My first Rankin novel and I was not disappointed and will be reading another next. It is an enjoyable and suspenseful story right to an interesting ending.
Rebus, the flawed but somewhat lovable main character and 'hero' is now a DI, having come out of retirement and now working under his former partner, Siobhan Clarke.

n
ndexter
Feb 13, 2015

Rankin creatively brings together his 'big three' crime solving protagonist; John Rebus, Siobban Clarke, and Malcolm Fox interactively in a multifaceted storyline of two separate crimes that have interrelated characters.
Also, though not related to these crimes, Rankin includes acknowledge-ment of a current factual political topic; the UK and Scotland together or separated.
Whereas several crimes; past and present are uncovered and solved Rankin utilizes the 'big three's'; knowledge of police procedures, experience and knowledge individually and collectively making for excellent crime solving that is; probable, thought provoking, rational and a good read.

g
gvenkatesh
Jan 16, 2015

Engaging reading with witty, lively dialogues and a mystery that is more or less preserved till the end.

Like the crossover episodes in TV serials, author brings two of his characters - Rebus and Fox from separate series into this book.
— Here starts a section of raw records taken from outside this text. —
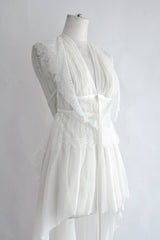 DORY ASYMMETRIC PANEL TOP WITH LACE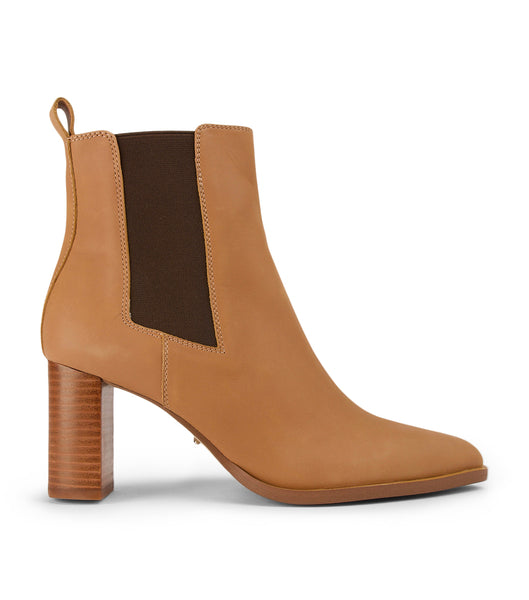 Brown Tony Bianco Piston Caramel Diesel/Choc Wax 7.5cm Heeled Boots | TZAWZ66598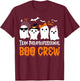 Team Paraprofessional Boo Crew Pumpkin Scary Halloween T-Shirt - T-Shirt | Maroon
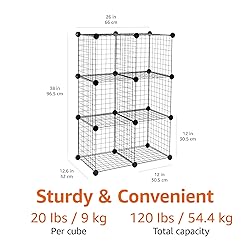 Amazon Basics Cube Wire Grid Stackable Storage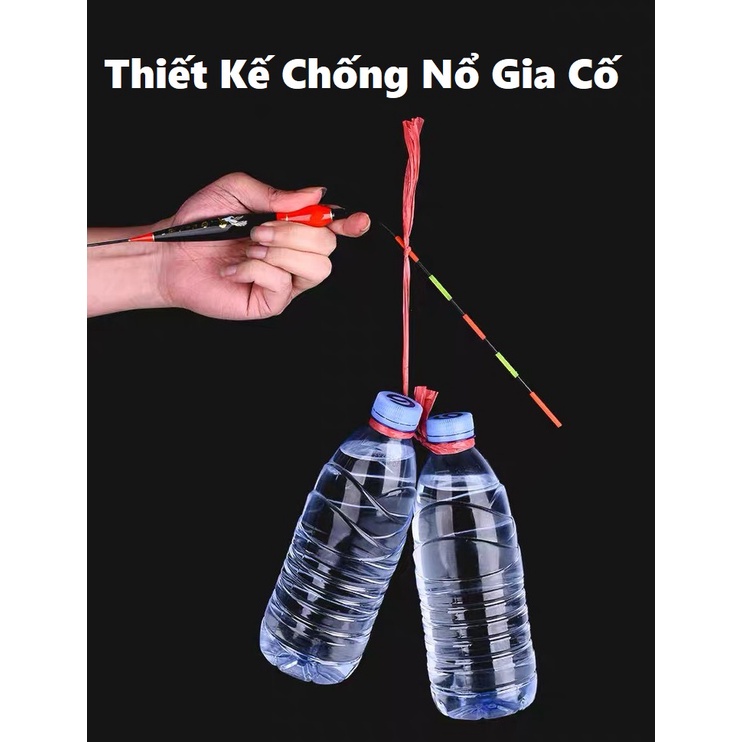 Phao Câu Cá Săn Hàng Đêm Thiên Cung Tử [ Tặng Kèm Pin ] Chất Liệu Carbon Tăm To Chống Mỏi Mắt - Sanami fishing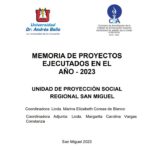 Memoria de Proyectos y Actividades de Proyección Social, San Miguel, 2023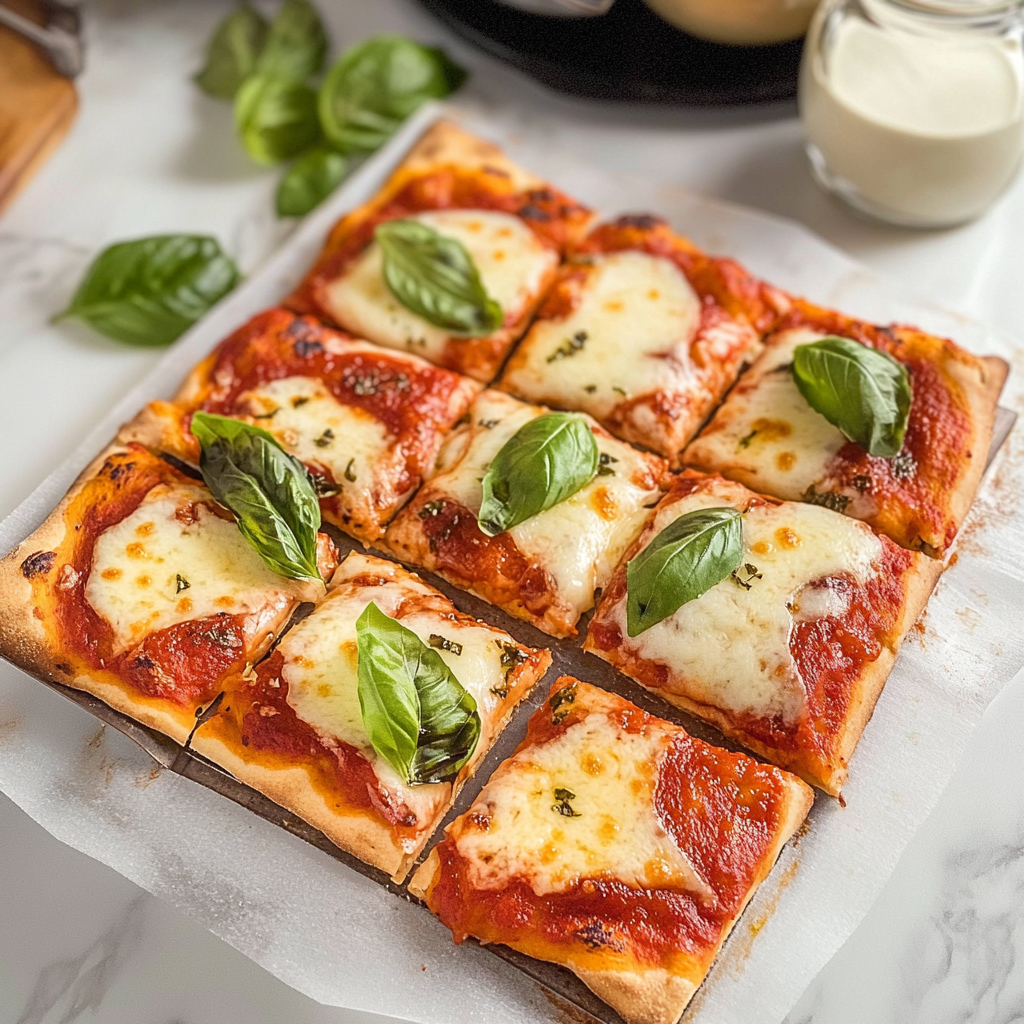 Sheet Pan Margherita Pizza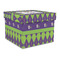 Astronaut, Aliens & Argyle Gift Boxes with Lid - Canvas Wrapped - Large - Front/Main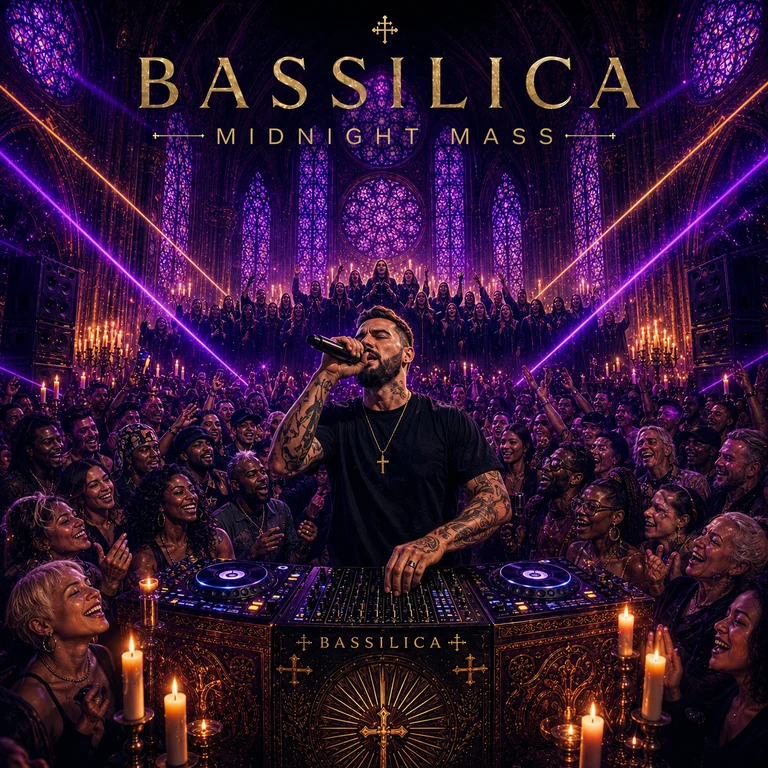 Midnight Mass single artwork by Bassilica from the Midnight Mass album.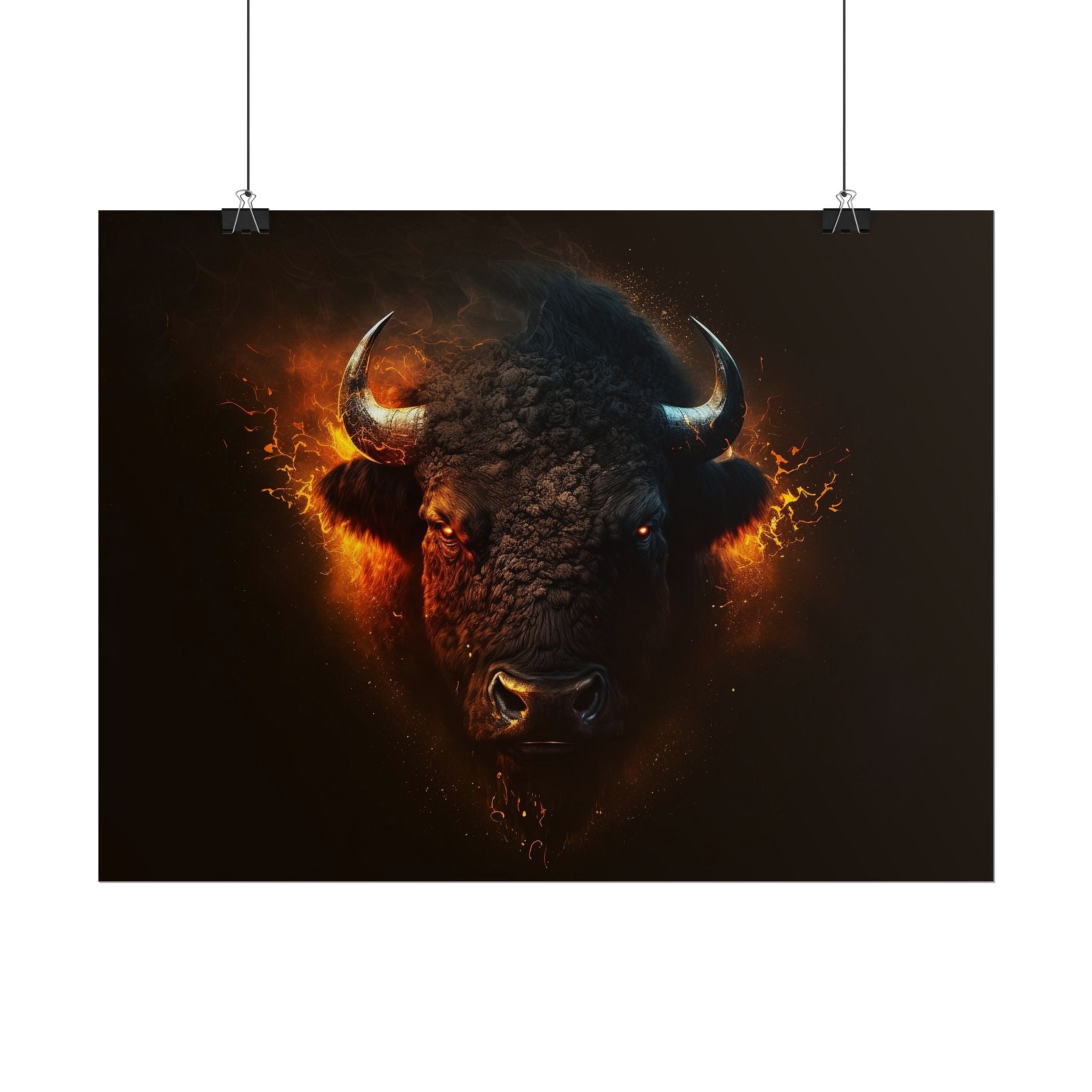 bison-art-poster-wall-decor-buffalo-gift-wildlife-home-decoration-western-bison-wall-art-nature-lover-gift-farm-house-wall-de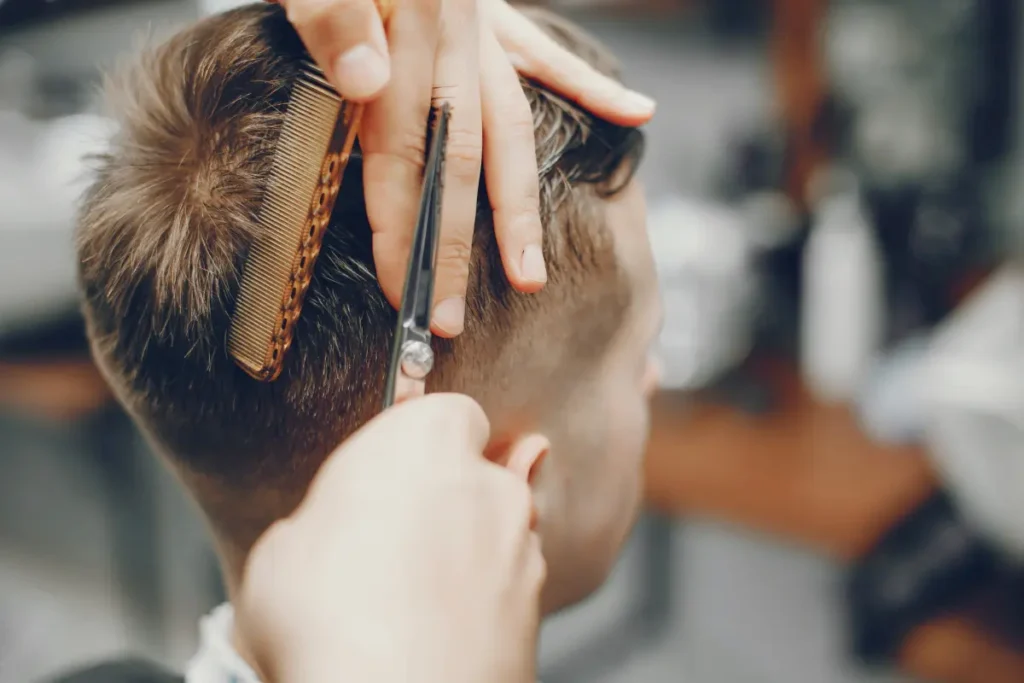 corte pelo hombre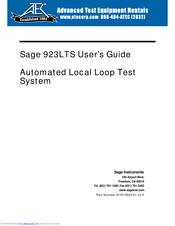 Sage 923lts User Manual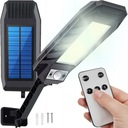 LED SOLAR LAMPA 600W S POHYBOVÝM A SÚMRAKOVÝM SENZOROM VONKAJŠÍ + DIAĽKOVÉ OVLÁDANIE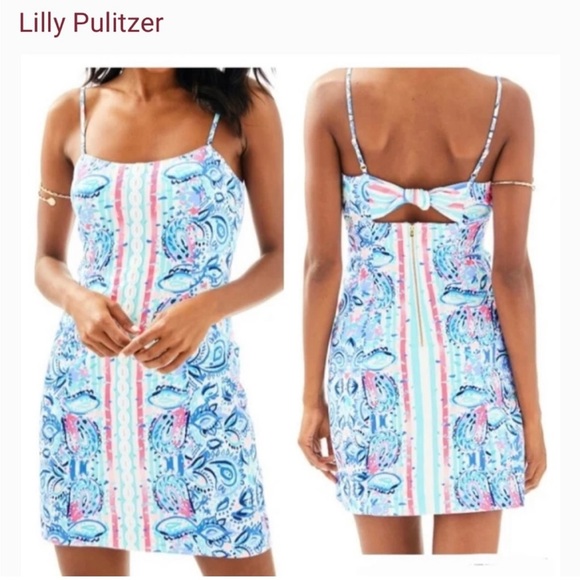 Lily Pulitzer Tie back Dress. New with Tags. - Picture 1 of 4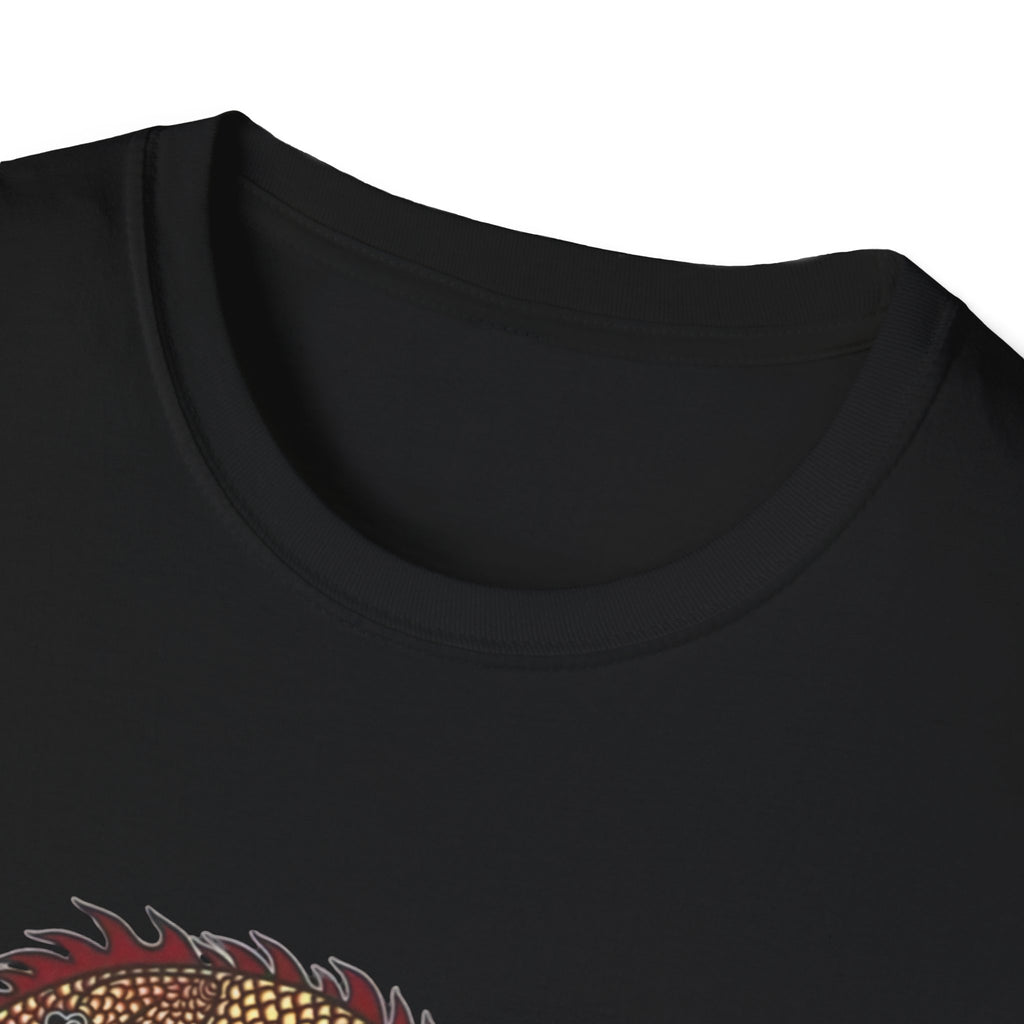 Tiger and Dragon Yin Yang T-Shirt — Asian Tattoo Style Graphic Tee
But it is clear that Fox has the cameo role here and it is a Rebus mystery. I also suspect that Rebus will be retired soon and this is the transition to introduce Fox for Rebus audiences as Fox moves to being a detective from the Complaints department.

Like all his novels, the book feels like written by an ex cop and like an insider book for the police force with all its idiosyncrasies and warts.

This is reinforced by the one glaring flaw of the author in his novels - no one outside the police department has any interesting or significant character role. They are all just props and mostly flawed or villainous for the police to play with.

The inability of the police characters to interact with people outside other than in an official capacity may have some truth to it but it makes his novels seem like written by a cop for cops.

j
John_M
Dec 17, 2014

Not a bad police novel. Hope police forces are not like those described by Ian Rankin.

a
akmarti
Oct 07, 2014

Another good mystery by Ian Rankin. This better than the previous book, Standing in Another Man's Grave. I liked the dynamics between Rebus, Siobhan, and Fox. The secrets, lies, and relationships from both the past and the present are used to create an entertaining and engaging story for the reader. As usual Rebus's past casts shadows on the present, and Fox's investigations into that past provides for an interesting relationship between those two characters. It can be read as a stand-alone, but would be best appreciated by those familiar with Rankin's Rebus mysteries.

Excellent Ian Rankin as always, Character development is a bit thin, I felt. I did not come away with a better impression of Rebus' history but the complexity of being a rookie in a bent police detachment was really thought provoking.

p
Palomino
Feb 26, 2014

Ian Rankin never disappoints. Our tough hero is as bad as ever, and I love it.

t
terran22
Jan 24, 2014

Love Rebus!

1
123Shannon
Jan 10, 2014

enjoyed this book from start to finish. didn't skip over any pages like i usually do. hope ian rankin continues writing books.